Die Tour de France entwickelt sich immer mehr zu einem Erfolgsfeld für Slowenien. Durch Pogacars Triumph in Le Lioran kommt das Land nun auf insgesamt 30 Etappensiege bei der Frankreich-Rundfahrt. Allein 24 davon gehen auf das Konto des Weltmeisters. Primoz Roglic steuerte drei Siege bei, darunter den ersten slowenischen Tour-Erfolg überhaupt 2017 in Serre-Chevalier. Auch Matej Mohoric gewann drei Etappen. Mit insgesamt 30 Siegen zieht Slowenien in der ewigen Nationenwertung mit Dänemark gleich und belegt Rang elf.

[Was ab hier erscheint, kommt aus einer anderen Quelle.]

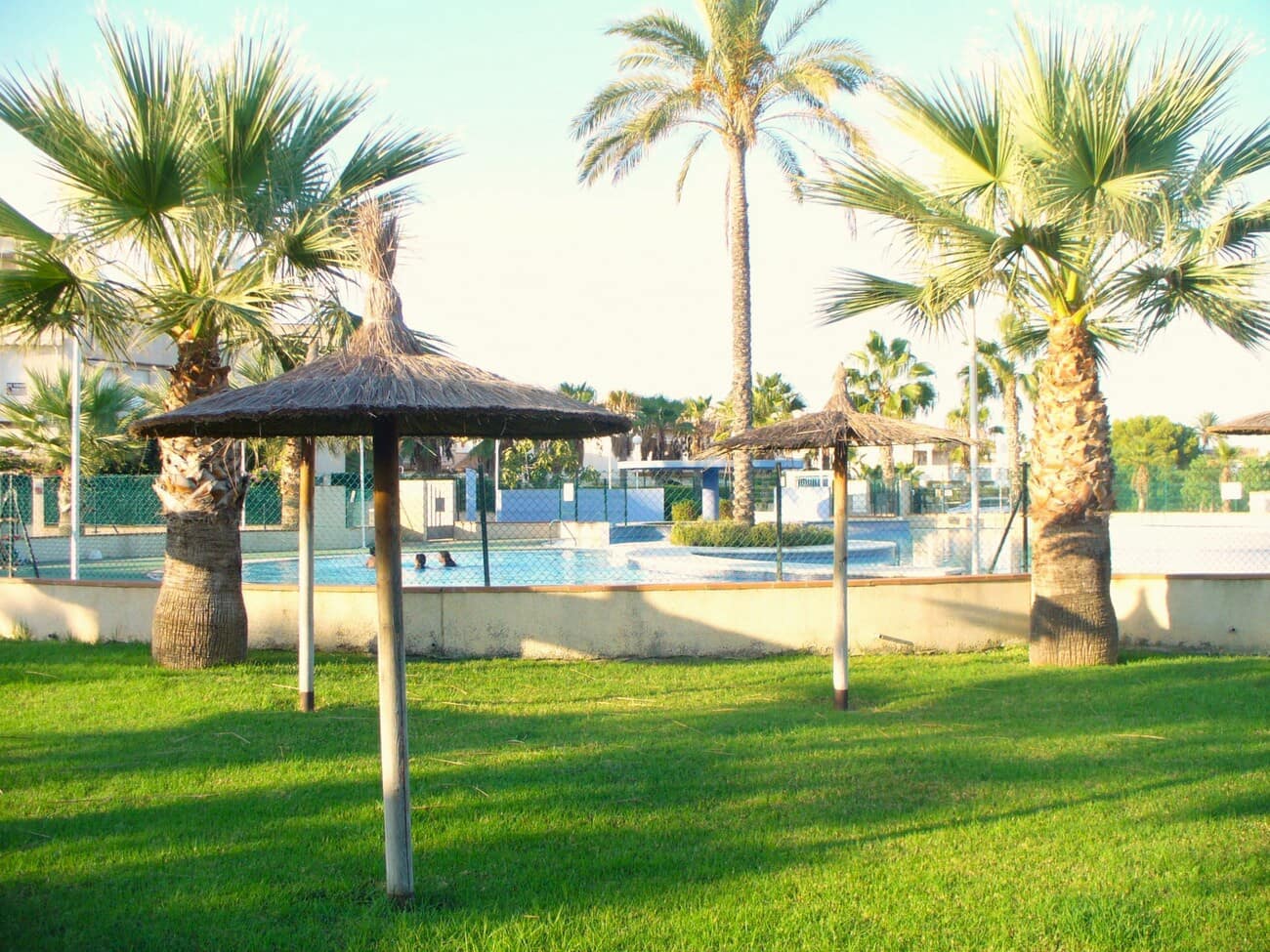 2 soverom Leilighet til leie i Dehesa de Campoamor med svømmebasseng garasje - € 945 (Ref: 9875648)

Nur zwei Tage nach seinem Gleichstand mit Chris Froome hat Tadej Pogacar die nächste Tour-Legende eingeholt. Mit nunmehr 60 Tagen im Gelben Trikot zieht er mit Miguel Indurain gleich. Der Spanier gewann die Tour zwischen 1991 und 1995 fünfmal und belegt in dieser Statistik derzeit Platz drei. Verteidigt Pogacar seine Führung auch auf der nächsten Etappe nach Nevers, wird er Indurain bereits überholen. Die Rekordmarken von Bernard Hinault mit 79 sowie Eddy Merckx mit 111 Tagen in Gelb bleiben jedoch vorerst außer Reichweite.
Mit 3:36 Minuten Vorsprung auf Jonas Vingegaard führt Tadej Pogacar die Gesamtwertung nach zehn Etappen souverän an. Einen größeren Abstand zwischen den ersten beiden Fahrern gab es zu diesem Zeitpunkt zuletzt im Jahr 2001. Damals lag François Simon sogar 11:54 Minuten vor Andrei Kivilev. Für Pogacar ist es die größte Führung, die er jemals nach zehn Tagen einer Grand Tour innehatte. Selbst beim später dominanten Giro-d'Italia-Sieg 2024 betrug sein Vorsprung zu diesem Zeitpunkt lediglich 2:40 Minuten auf Daniel Martinez.
Mit Rang drei in Le Lioran schrieb Paul Seixas ein kleines Stück Tour-Geschichte. Der Franzose ist der erste Fahrer unter 20 Jahren seit Danny van Poppel im Jahr 2013, der auf das Podium einer Tour-Etappe fährt. Mit einem Alter von 19 Jahren, neun Monaten und 20 Tagen ist der Fahrer vom Team Decathlon CMA CGM zudem der zweitjüngste Franzose überhaupt mit einem Podiumsplatz bei der Tour. Jünger war lediglich Louis Colsaet im Jahr 1904. Der damals 19-Jährige rückte allerdings erst Monate später durch Disqualifikationen nachträglich auf Platz zwei vor und stand nie tatsächlich auf dem Podium.
Richard Carapaz wurde für seine Offensive am Puy Mary mit der Auszeichnung als kämpferischster Fahrer des Tages belohnt. Der Ecuadorianer hatte attackiert, ehe ihn Pogacar am Col de Pertus mit hoher Geschwindigkeit überholte. Für Carapaz war es bereits die vierte Auszeichnung dieser Art bei der Tour de France. Zuvor hatte er die Ehrung auf der 16. Etappe 2020 sowie nach den Etappen 15 und 19 der Tour 2024 erhalten. Damals wurde er zudem als „Super Combatif“ der gesamten Rundfahrt ausgezeichnet. Im aktuellen Peloton kann lediglich Ben Healy eine vergleichbare Bilanz vorweisen: Der Ire vom Team EF Education-EasyPost sammelte ebenfalls vier Auszeichnungen als kämpferischster Fahrer, eine im Jahr 2024 und gleich drei weitere während der Saison 2025.